Foot-Washing Rite at Holy Thursday Mass
Guest Editorial by Michael Shackleton – The foot-washing ceremony on Holy Thursday is perhaps one of the most meaningful of the Sacred Triduum’s liturgical moments. It has been made even more significant now. –
When the English text of the liturgical books was revised, the Nicene Creed expressed our faith that God the Father is the maker of all things “visible and invisible”.
This was preferred to all things “seen and unseen”, on the grounds that something unseen could be hidden from the viewer but easily seen to be there from a different angle.
The solemn liturgy of Holy Week, and particularly the Sacred Triduum of Holy Thursday, Good Friday and the Easter Vigil, is not far away.
Because of its solemnity and rich symbolism, it needs to be seen as well as heard by congregations, which are generally bigger than the average number attending Sunday Masses.
If the people in the pews cannot see the liturgical action clearly, or hear the prayers satisfactorily, they can miss out on the significance of the traditional liturgical rites that serve to bind Christ and his Church in the closest way possible.
It is always useful to have a commentator to offer short explanatory details of the action that is unfolding before them and in which they are taking an active role.
If the priest and ministers know what they are doing and the significance of each step of the way, the congregation will pick up the sense of the spiritual journey as the rite follows the passion and death of Jesus Christ.
When the celebrant prostrates himself at the altar steps on Good Friday and slowly unveils the cross as he mounts the steps, the serious moments of Jesus’ crucifixion and saving death can be fruitfully and effectively conveyed without any dramatic exaggerations or play acting.
The foot-washing ceremony on Holy Thursday is perhaps one of the most meaningful of the Sacred Triduum’s liturgical moments. It has been made even more significant now.
In January, Pope Francis ordered a change in the rubrics of the rite. He declared that he wanted to improve the procedure in order to fully express the meaning of what Jesus did in the Upper Room, giving of himself “to the very end” for the salvation of the world.
Up to that point the candidates chosen for the foot washing at the Mass of the Lord’s Supper were all male. In future that will not apply and anyone may be chosen, male, female, young, old, healthy and sick, clerics and consecrated men and women.
Pope Francis made it plain that these chosen few (no number was mentioned) must be given an appropriate explanation of what the foot-washing rite means.
The simple little dramatic observance forcefully reenacts our Lord’s gesture of humility when he washed and dried the feet of his apostles on the night he was betrayed.
He said: “You call me Teacher and Lord, and you are right, for so I am. If I then, your Lord and Teacher, have washed your feet, you also ought to wash one another’s feet. For I have given you an example, that you also should do as I have done to you” (John 13:12-14).

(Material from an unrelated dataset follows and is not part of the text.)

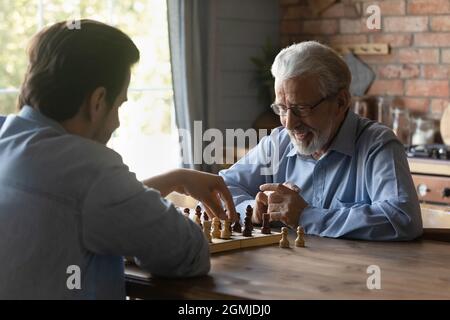 Uomo maturo sorridente con figlio grownup che gioca a scacchi insieme Foto Stock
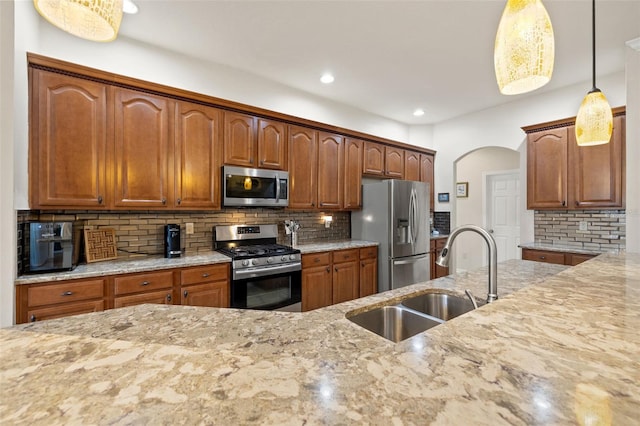 kitchen featuring sink, light stone counters, decorative light fixtures, stainless steel appliances, and decorative backsplash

Christ’s words are not directed only to the bishops or priests who perform the rite and who must conform themselves to Christ who came not to be served but to serve. They are meant to move the hearts and souls of every disciple of Jesus without exception.
The foot-washing is not obligatory at the Mass of the Lord’s Supper. Pastors have to decide according to the circumstances and needs of the parish.
But when it can be done, it should be done. Jesus instituted the Eucharist and the order of priesthood on Holy Thursday. At the same time he made the foot-washing the lesson to be learned by all who have since gathered around the altar in commemorating that sacred night.
Pastors can choose anybody to participate in the foot-washing ceremony. Those who share in it represent the entire People of God, and this should be highlighted in the homily of the Mass.
For maximum spiritual enrichment, this is a moment that every soul in the congregation should be able to see and appreciate. Those responsible for the Holy Week ceremonies should do their very best to ensure this.